Sixties were heady, not barmy
Professor David Bridges, of the University of East Anglia, told a Cambridge audience on Monday: "We have to oppose and subvert the enervating control and censorship which Government agencies are exercising over the curriculum for schools and the curriculum for teacher education and indeed over the publication of educational research."
He argued that the cumulative effect of Government policies was to stifle original thought and discourage the free and open dialogue which leads to new ideas and challenges received wisdom.
These policies included the "takeover" of the school curriculum by the Government and its role in determining not just what will be included "but what will be left out". Professor Bridges also criticised the shrinking of Her Majesty's Inspectorate and local advisory services as well as teacher education institutions - "all of the main agencies which might offer informed and authoritative dissent to the Government's educational policies".
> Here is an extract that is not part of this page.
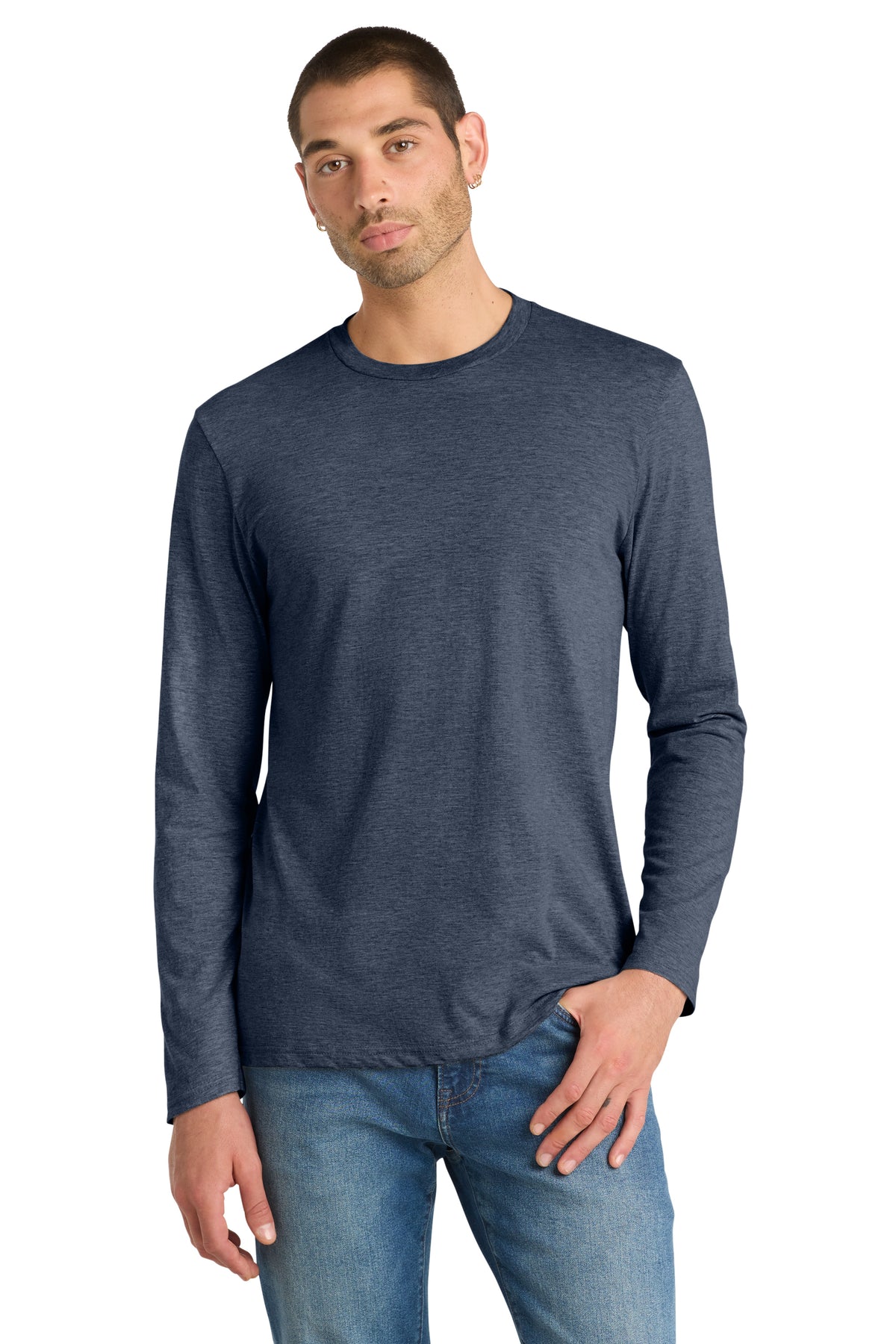 District DT6200 Heathered Navy model front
The infrastructure provided by teachers' centres and advisers to support independent curriculum innovation had been removed, and teacher training had been systematically distanced from the broader intellectual currents of the rest of higher education, he said. Other causes for concern were "the deliberate discrediting and then suppression of 'barmy' theory and its near-exclusion from initial teacher training" and the increasingly close definition of what was to be learned by would-be teachers.
But perhaps more invidious was the application of quasi-market principles to education. It sets sections of the education community against each other "not on the basis of stimulating ideological conflict but in the pursuit of profit", and also "promotes the production of knowledge as a commodity to be privately owned rather than its widest dissemination as a resource with that magical property that it can be shared infinitely without loss to any individual".
There was now a risk of a professional climate "in which the serious questioning of educational policy and practice is atrophied by a combination of centralised control and local apathy or self-censorship".
In his talk, the Cambridge Journal of Education's 25th anniversary lecture, Professor Bridges reminded his audience, many of whose members had come to prominence in teacher training in the 1960s, of the "intellectual delight" of that era, of visits to primary schools to stage a "happening", of how "debates in schools about integrated curriculum, mixed-ability teaching and creative this, that and the other mingled with college debates between philosophers and sociologists about knowledge and control".
Looking back had reminded him "of the extent to which the teacher education community in 1971 was curious about a wide range of new intellectual currents, open to radical ideas and quite unselfconscious and uninhibited in their pursuit. It also saw engagement with these ideas as an essential foundation for participation in teacher education."
His agenda for recreating this atmosphere included reconfirming relations of trust and confidence within the education community, protecting the quality and "intellectual capital" of education studies in higher education and seeking out "powerful ideas from the world community, which extend, enrich and disturb".